------ PROVIDED ENTRIES ------

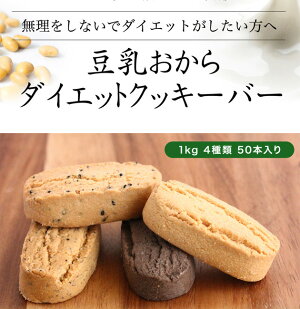 【送料無料】豆乳ダイエットおからクッキーバー50本入(1Kg箱入り)低カロリーお菓子ダイエットクッキースイーツダイエット食品プレーン紅茶黒ゴマココア置き換え製造会社直販だから実現した品質と価格!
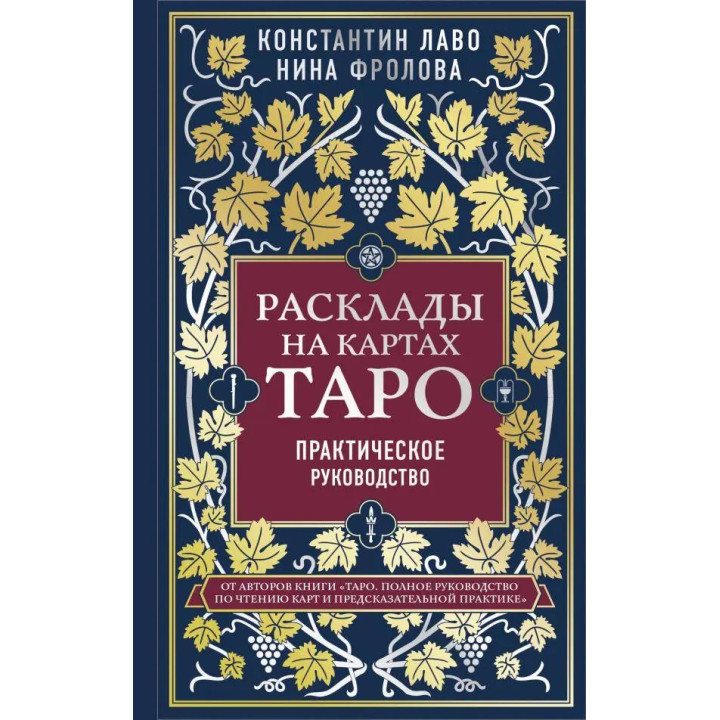 Расклады на картах Таро. Практическое руководство. К. Лаво, Н. Фролова (белая бумага)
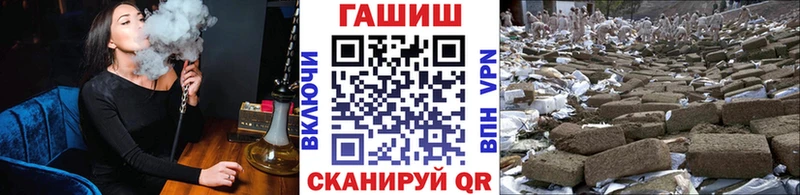 маркетплейс клад  Десногорск  Гашиш Ice-O-Lator 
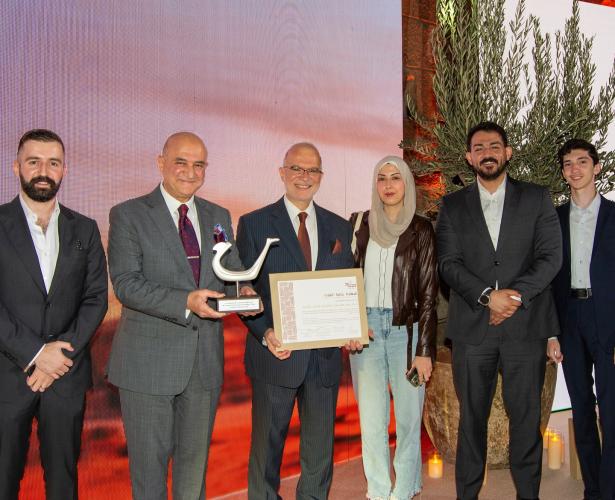 PNT Heritage Award Bitar Consultants - Jordan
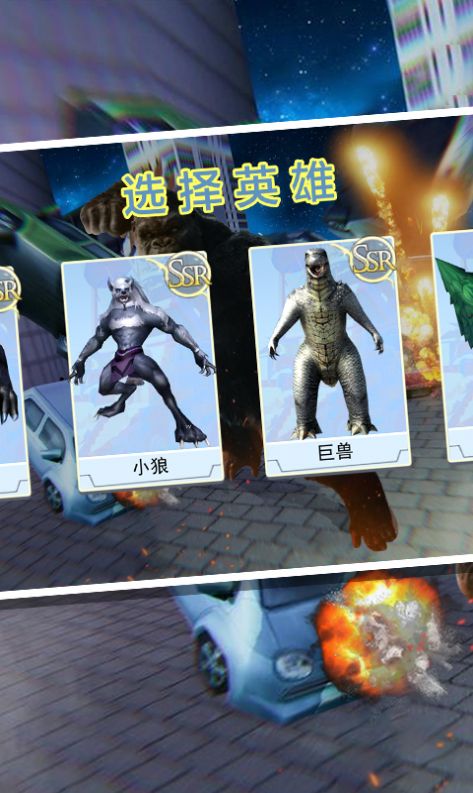 怪物金剛狩獵生存游戲版截圖1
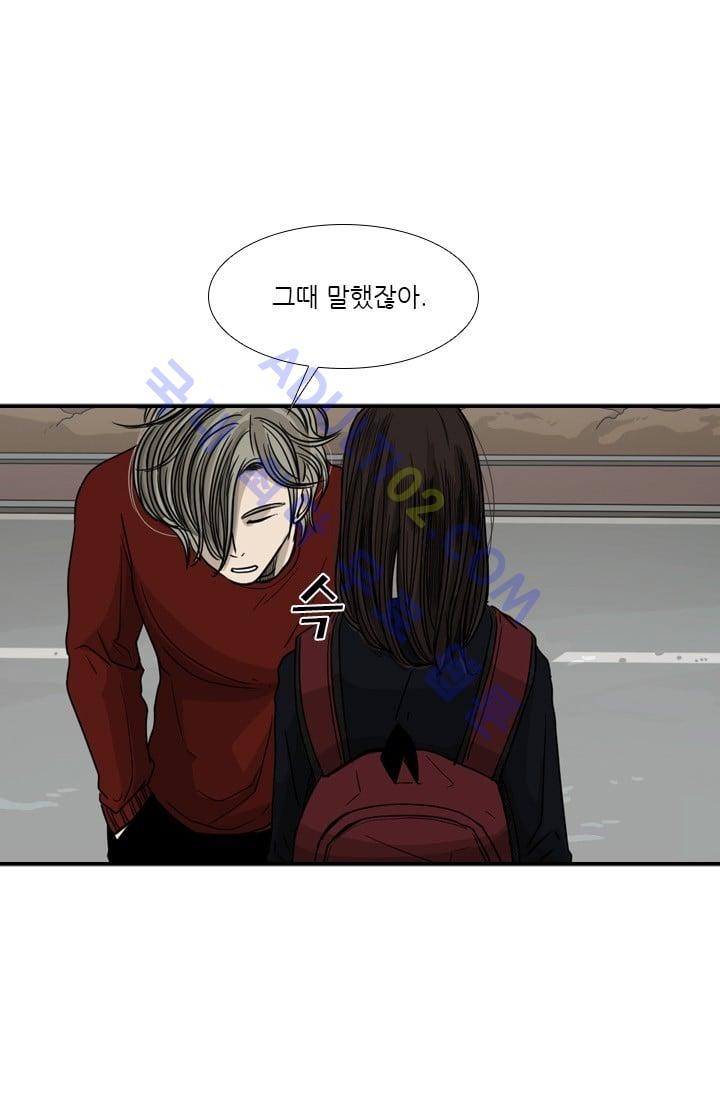 Shark Ch.34 p17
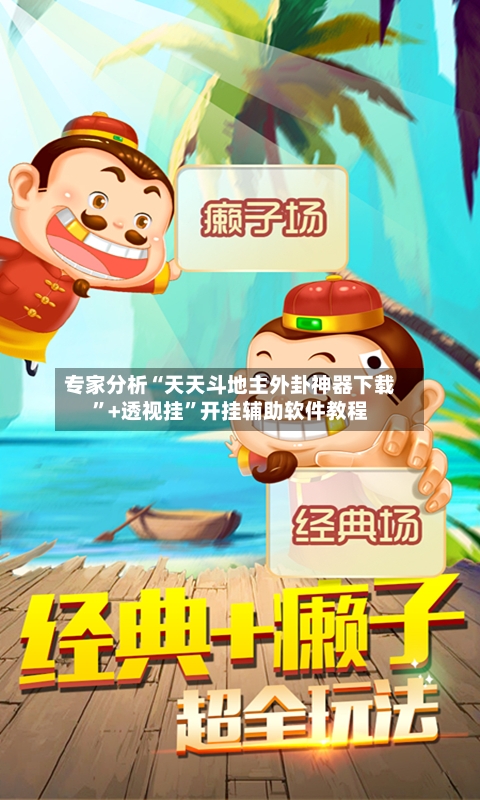 专家分析“天天斗地主外卦神器下载”+透视挂	”开挂辅助软件教程-第2张图片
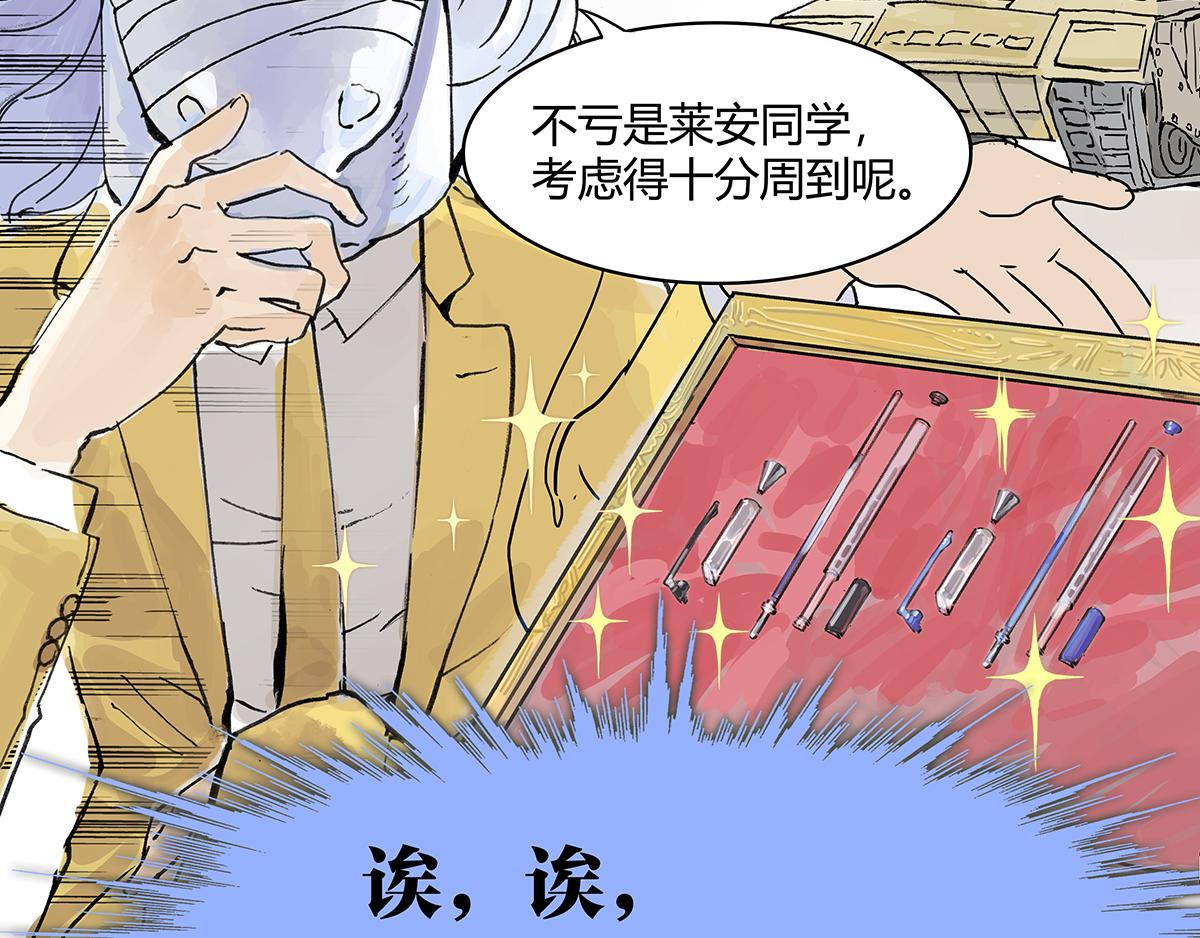 第8话 学习会给我学习啊！(1/2)-第8话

------

> _WORK TO COMPLETE_
Produce the entries above once more, exactly as given, with each picture left out.

> _TASK ANSWER_
 【送料無料】豆乳ダイエットおからクッキーバー50本入(1Kg箱入り)低カロリーお菓子ダイエットクッキースイーツダイエット食品プレーン紅茶黒ゴマココア置き換え製造会社直販だから実現した品質と価格!
 Расклады на картах Таро. Практическое руководство. К. Лаво, Н. Фролова (белая бумага)
 маркетплейс клад  Десногорск  Гашиш Ice-O-Lator 
 PNT Heritage Award Bitar Consultants - Jordan
 怪物金剛狩獵生存游戲版截圖1
 Shark Ch.34 p17
 专家分析“天天斗地主外卦神器下载”+透视挂	”开挂辅助软件教程-第2张图片
 第8话 学习会给我学习啊！(1/2)-第8话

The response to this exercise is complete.